The feet of several figurines were pierced through, as if they had been intended to be worn as pendants – though they would hang upside-down. And then there were two ivory, bird-like figures, only about 6cm long, with outstretched necks and stubby wings. Were they geese? Or swans? I imagined those ancient Siberians, huddled in tents against the growing cold of the Ice Age, carving these objects by the firelight. Was it just something to do on those long, cold evenings, or did these female figures and birds hold some meaning for those people? Could they have been mythological or shamanic emblems? Some anthropologists, arguing from analogy with recent ethnographic studies, have suggested that the pierced figurines and birds represented spirit helpers that were designed to be attached to a shaman’s costume.6, 7 Their meaning has long since been lost, but they are very beautiful objects.
Mal’ta and the other sites from Siberia between 30,000 and 20,000 years ago show us that the hunter-gatherers in this region were surviving, and, given the artistic outpouring in Mal’ta, even flourishing, as glacial conditions set in. And the similarity between tools and art produced in Siberia and Europe at this time suggests that there were communication networks linking communities across a vast area. People seem to have been moving around the landscape, using large base camps, with smaller hunting camps like satellites around them. The base camps were often a long way from any outcrops of rock ideally suited to making tools – presumably their location was determined more by the proximity of animals to hunt. But this meant that stone tools either had to be made from less than ideal, coarse rocks, or that finer stone had to be carried long distances. Many of the stone tools at Mal’ta were small blades, or ‘bladelets’, made from correspondingly miniature cores. Perhaps it was a need to economise, to make the most of scarce supplies of decent stone, that drove the toolmakers to make smaller and smaller blades?4
The animal bones from Mal’ta show that these Ice Age Siberians were hunting a wide range of animals: woolly rhinoceros, mammoth, bison, reindeer, horse and red deer, as well as hares, Arctic foxes and wolverine, and geese, gulls, grouse and ptarmigan. There were a great many reindeer antlers at Mal’ta, but these might have been scavenged for use in house-building, as reindeer naturally lose their antlers each year. At numerous places on the Russian plain, around and immediately following the LGM, and including the famous site of Mezhirich, mammoth tusks were used in the construction of huts.

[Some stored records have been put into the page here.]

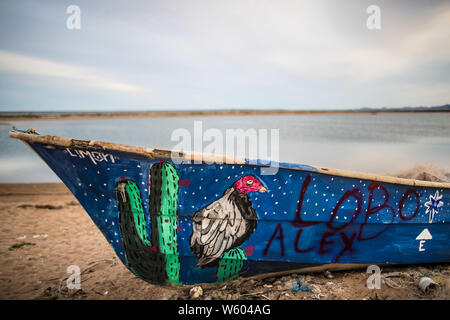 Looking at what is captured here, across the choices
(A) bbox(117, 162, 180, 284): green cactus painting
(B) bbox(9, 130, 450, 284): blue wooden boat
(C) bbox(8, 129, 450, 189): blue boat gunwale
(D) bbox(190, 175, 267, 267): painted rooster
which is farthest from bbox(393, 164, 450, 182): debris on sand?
(A) bbox(117, 162, 180, 284): green cactus painting

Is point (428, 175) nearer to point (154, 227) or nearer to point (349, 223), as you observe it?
point (349, 223)

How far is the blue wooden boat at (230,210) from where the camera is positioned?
8.16 ft

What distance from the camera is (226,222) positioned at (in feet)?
8.72

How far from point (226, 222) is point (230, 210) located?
156 millimetres

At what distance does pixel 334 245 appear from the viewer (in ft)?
9.40

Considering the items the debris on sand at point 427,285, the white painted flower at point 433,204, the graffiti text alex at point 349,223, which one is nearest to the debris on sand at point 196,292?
the graffiti text alex at point 349,223

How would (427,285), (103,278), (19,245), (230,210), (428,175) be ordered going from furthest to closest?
(428,175) < (19,245) < (103,278) < (427,285) < (230,210)

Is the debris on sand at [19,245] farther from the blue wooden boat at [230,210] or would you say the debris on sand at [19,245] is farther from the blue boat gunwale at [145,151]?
the blue boat gunwale at [145,151]

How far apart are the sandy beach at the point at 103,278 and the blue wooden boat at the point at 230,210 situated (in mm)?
215

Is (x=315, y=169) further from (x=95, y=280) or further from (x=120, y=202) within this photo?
(x=95, y=280)

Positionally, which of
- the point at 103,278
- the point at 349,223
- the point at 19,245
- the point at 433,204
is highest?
the point at 433,204

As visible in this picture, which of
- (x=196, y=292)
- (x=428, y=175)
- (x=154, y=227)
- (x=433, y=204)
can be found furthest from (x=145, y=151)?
(x=428, y=175)

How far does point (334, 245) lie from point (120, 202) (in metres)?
2.60

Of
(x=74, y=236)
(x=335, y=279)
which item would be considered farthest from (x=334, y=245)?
(x=74, y=236) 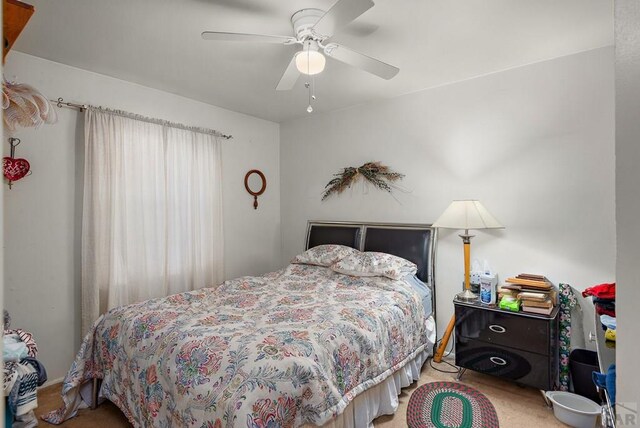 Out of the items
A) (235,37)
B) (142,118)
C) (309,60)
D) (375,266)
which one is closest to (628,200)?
(309,60)

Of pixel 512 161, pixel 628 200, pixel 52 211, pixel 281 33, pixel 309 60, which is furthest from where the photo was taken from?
pixel 512 161

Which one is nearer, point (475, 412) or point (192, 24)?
point (192, 24)

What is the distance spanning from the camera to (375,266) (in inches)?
118

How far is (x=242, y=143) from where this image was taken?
4062mm

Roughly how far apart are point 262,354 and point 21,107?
142cm

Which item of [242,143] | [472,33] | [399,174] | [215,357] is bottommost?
[215,357]

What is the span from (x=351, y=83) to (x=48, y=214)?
2.74 m

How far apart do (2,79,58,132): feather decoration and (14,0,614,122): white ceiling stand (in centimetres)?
94

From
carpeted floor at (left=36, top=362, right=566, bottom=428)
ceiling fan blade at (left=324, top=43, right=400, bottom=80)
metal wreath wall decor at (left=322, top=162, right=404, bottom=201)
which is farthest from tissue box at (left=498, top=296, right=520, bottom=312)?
ceiling fan blade at (left=324, top=43, right=400, bottom=80)

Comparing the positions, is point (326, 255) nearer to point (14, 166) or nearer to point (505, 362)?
point (505, 362)

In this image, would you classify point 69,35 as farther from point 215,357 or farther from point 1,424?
point 1,424

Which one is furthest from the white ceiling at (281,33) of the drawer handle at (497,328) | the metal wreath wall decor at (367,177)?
the drawer handle at (497,328)

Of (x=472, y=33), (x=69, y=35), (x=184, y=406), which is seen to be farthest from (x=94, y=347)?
(x=472, y=33)

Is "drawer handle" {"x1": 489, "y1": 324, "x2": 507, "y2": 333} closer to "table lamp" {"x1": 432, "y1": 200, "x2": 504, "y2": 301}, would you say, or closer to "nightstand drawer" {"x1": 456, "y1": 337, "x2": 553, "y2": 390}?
"nightstand drawer" {"x1": 456, "y1": 337, "x2": 553, "y2": 390} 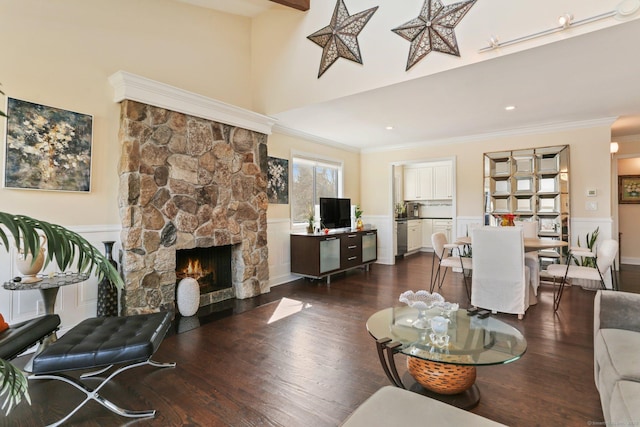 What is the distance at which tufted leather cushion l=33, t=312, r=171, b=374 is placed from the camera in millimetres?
1771

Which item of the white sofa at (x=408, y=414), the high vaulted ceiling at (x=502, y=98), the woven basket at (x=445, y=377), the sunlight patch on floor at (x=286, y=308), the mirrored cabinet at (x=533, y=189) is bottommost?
the sunlight patch on floor at (x=286, y=308)

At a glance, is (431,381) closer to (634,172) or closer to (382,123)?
(382,123)

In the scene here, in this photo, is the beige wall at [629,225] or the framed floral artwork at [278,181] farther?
the beige wall at [629,225]

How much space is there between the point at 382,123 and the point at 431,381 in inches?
155

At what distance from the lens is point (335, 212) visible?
19.2 ft

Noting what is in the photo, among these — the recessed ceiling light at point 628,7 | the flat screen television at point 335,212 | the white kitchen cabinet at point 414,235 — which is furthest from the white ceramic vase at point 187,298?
the white kitchen cabinet at point 414,235

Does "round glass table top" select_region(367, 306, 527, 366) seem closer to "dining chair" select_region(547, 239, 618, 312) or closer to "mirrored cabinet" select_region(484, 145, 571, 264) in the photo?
"dining chair" select_region(547, 239, 618, 312)

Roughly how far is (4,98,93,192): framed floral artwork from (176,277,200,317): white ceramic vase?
1.41 meters

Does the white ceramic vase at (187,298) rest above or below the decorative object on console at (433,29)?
below

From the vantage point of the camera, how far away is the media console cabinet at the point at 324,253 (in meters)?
4.98

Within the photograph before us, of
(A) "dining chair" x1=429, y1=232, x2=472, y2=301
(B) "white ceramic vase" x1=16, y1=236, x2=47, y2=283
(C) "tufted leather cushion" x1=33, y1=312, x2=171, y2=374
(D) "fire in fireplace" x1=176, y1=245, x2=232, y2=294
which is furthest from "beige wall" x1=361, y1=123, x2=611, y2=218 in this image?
(B) "white ceramic vase" x1=16, y1=236, x2=47, y2=283

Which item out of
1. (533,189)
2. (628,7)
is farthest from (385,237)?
(628,7)

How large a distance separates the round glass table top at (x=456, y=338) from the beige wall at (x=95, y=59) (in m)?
2.89

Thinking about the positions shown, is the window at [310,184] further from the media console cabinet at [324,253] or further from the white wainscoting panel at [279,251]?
the media console cabinet at [324,253]
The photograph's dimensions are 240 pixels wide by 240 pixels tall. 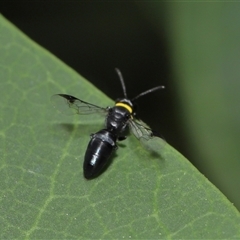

Leaving the Hermitage, I crossed over the River Neva and made my way to the back door of the Zoological Institute of the Russian Academy of Sciences. Another museum, another back door, and another corridor with store rooms full of bones. The Institute is famous for its mammoths. In the exhibition hall upstairs there were stuffed mammoths, towering over dioramas of more reasonably sized mammals. There were even mummified mammoths, which had survived, frozen in permafrost, to the present day. Downstairs in the store rooms there were stacks of enormous bones, huge skulls, and piles and piles of tusks. I stood next to a femur, and the mammoth thigh bone reached up to my chest. The animal it came from would have dwarfed me. Mammoths would have been formidable prey for those ancient hunters on the steppe.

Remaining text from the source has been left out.